After locating the line that contains "屋根板金玉打ちシール施工完了全景", output that line and each one following it, exactly, to the end of the entries. No pictures.

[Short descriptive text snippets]

=== Section Start ===

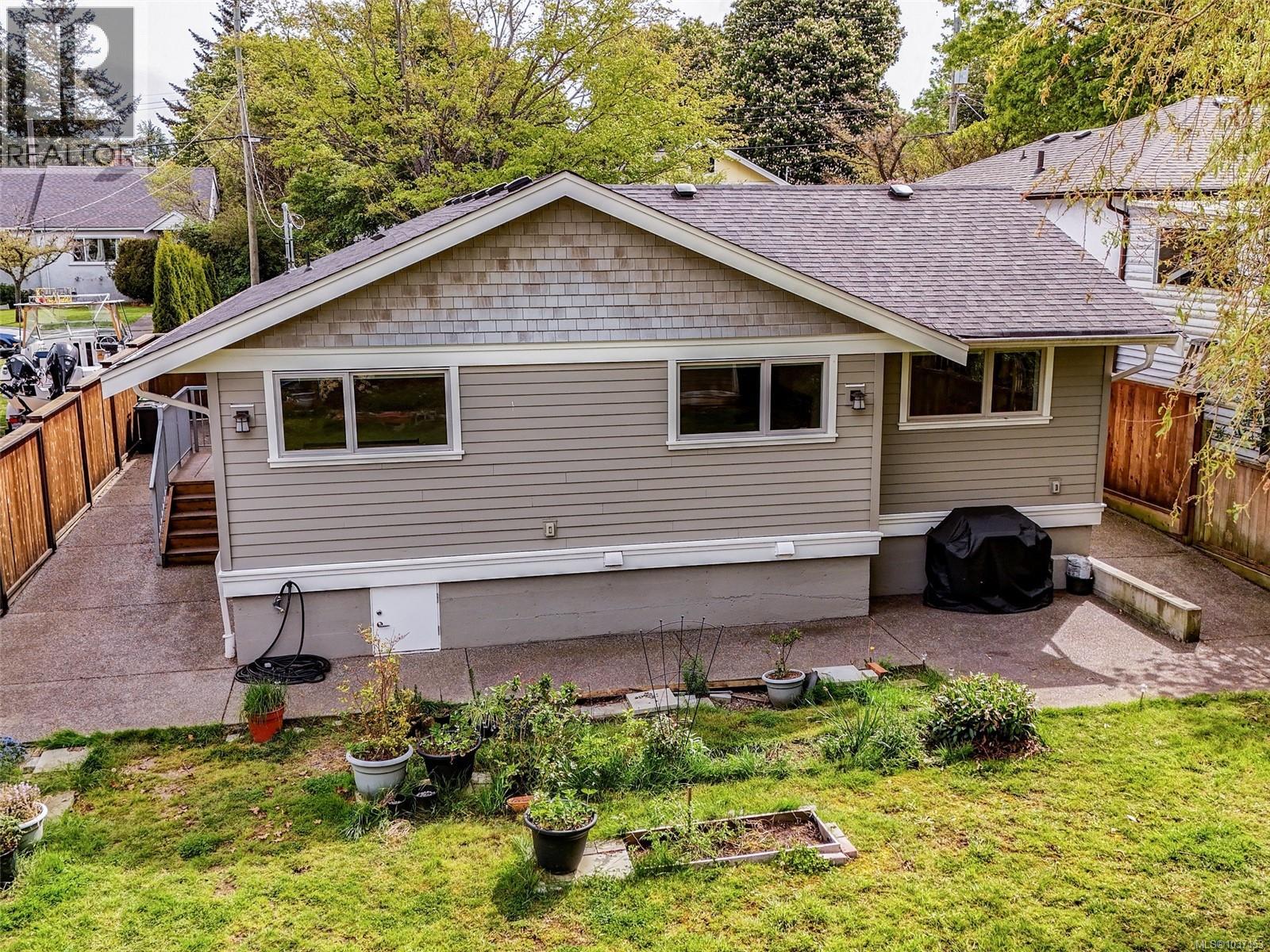 3130 Somerset St, Victoria, British Columbia  V8X 1C7 - Photo 34 - 1037153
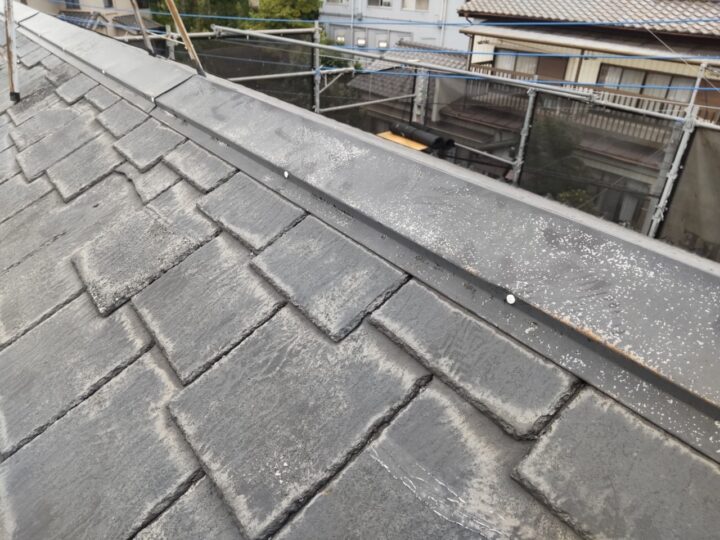 屋根板金玉打ちシール施工完了全景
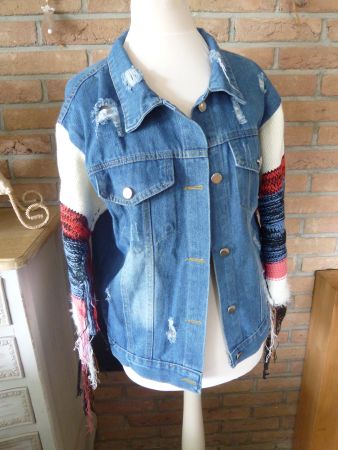 Jeans Jacke mit Strickaermel und Fransen Gr. XS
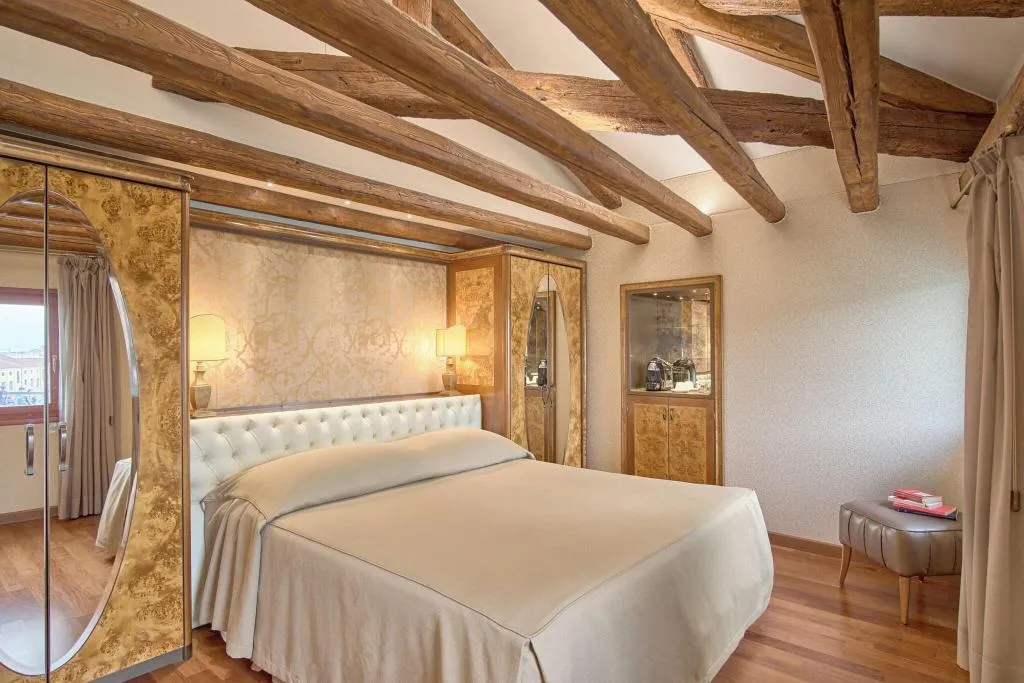SUITE STANDARD Room, Santa Chiara, Venice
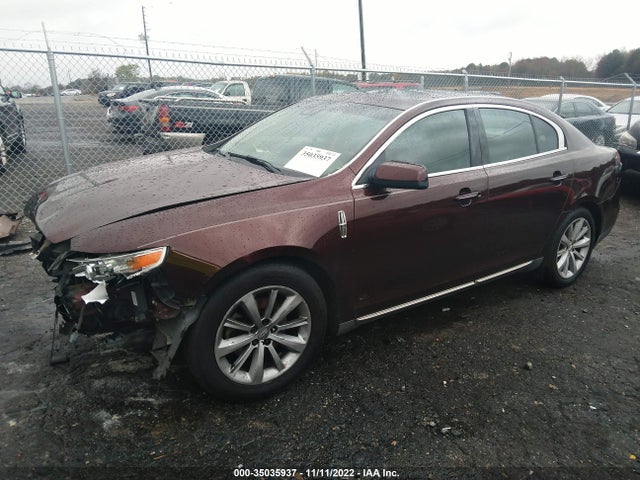 Lincoln MKS 2009 1LNHM93R29G622699 Image 2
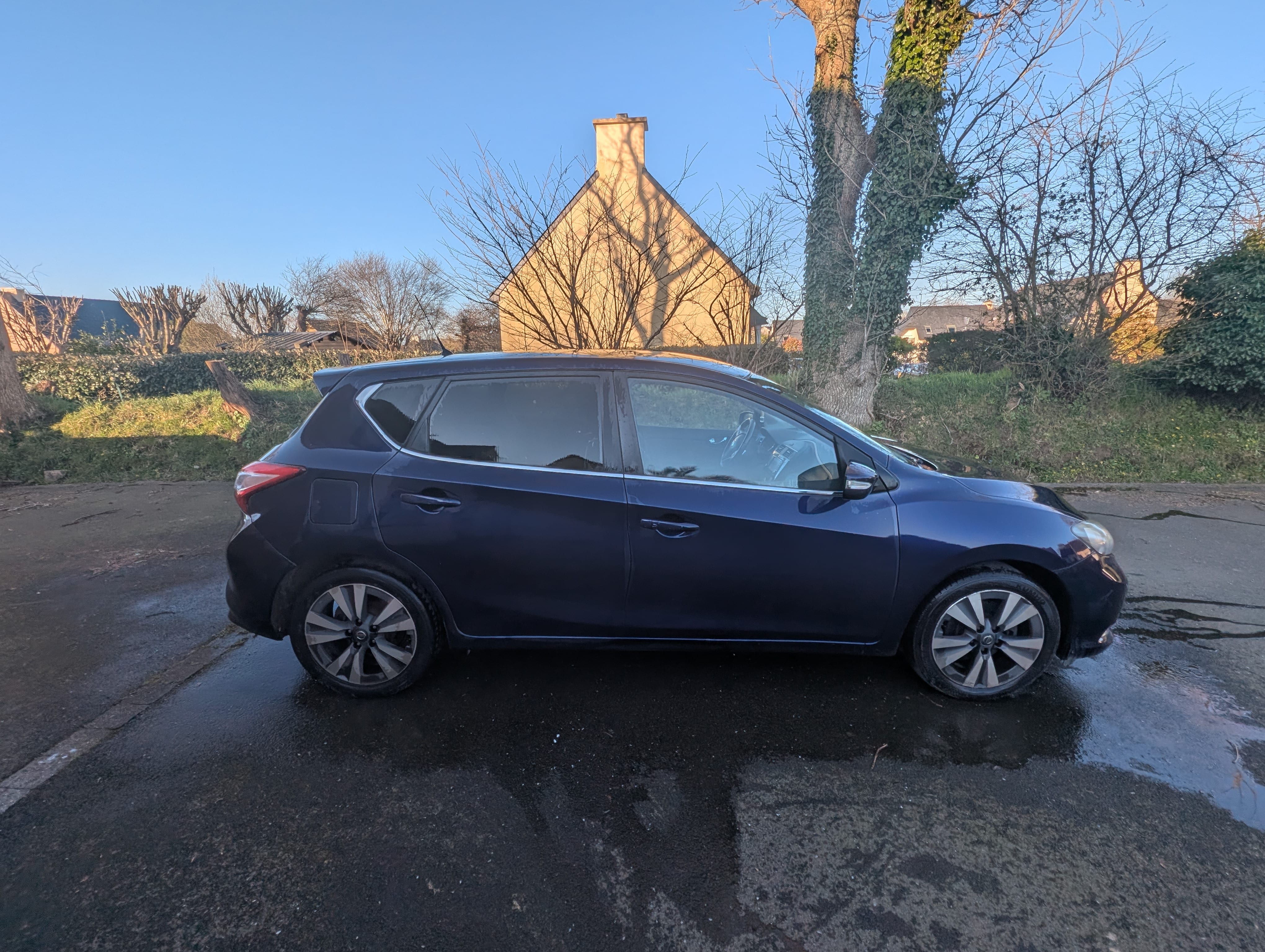 Nissan Pulsar avec GPS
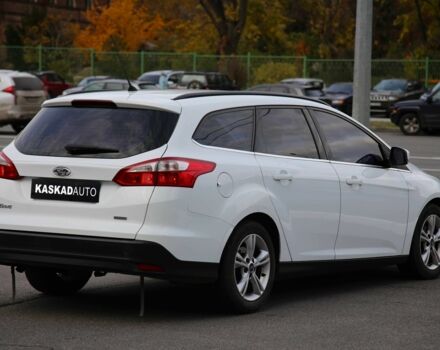Форд Фокус 2013 в Харькове на Automoto.ua Белый Форд Фокус, объемом двигателя 1 л и пробегом 171 тыс. км за 7200 $, фото 5 на Automoto.ua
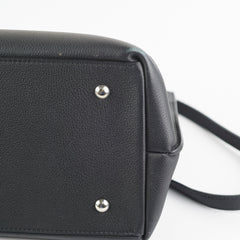 Louis Vuitton Lock Me Black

=== Section End ===

■ Exercise output
 屋根板金玉打ちシール施工完了全景
 Jeans Jacke mit Strickaermel und Fransen Gr. XS
SUITE STANDARD Room, Santa Chiara, Venice
 Lincoln MKS 2009 1LNHM93R29G622699 Image 2
 Nissan Pulsar avec GPS
Форд Фокус 2013 в Харькове на Automoto.ua Белый Форд Фокус, объемом двигателя 1 л и пробегом 171 тыс. км за 7200 $, фото 5 на Automoto.ua
 Louis Vuitton Lock Me Black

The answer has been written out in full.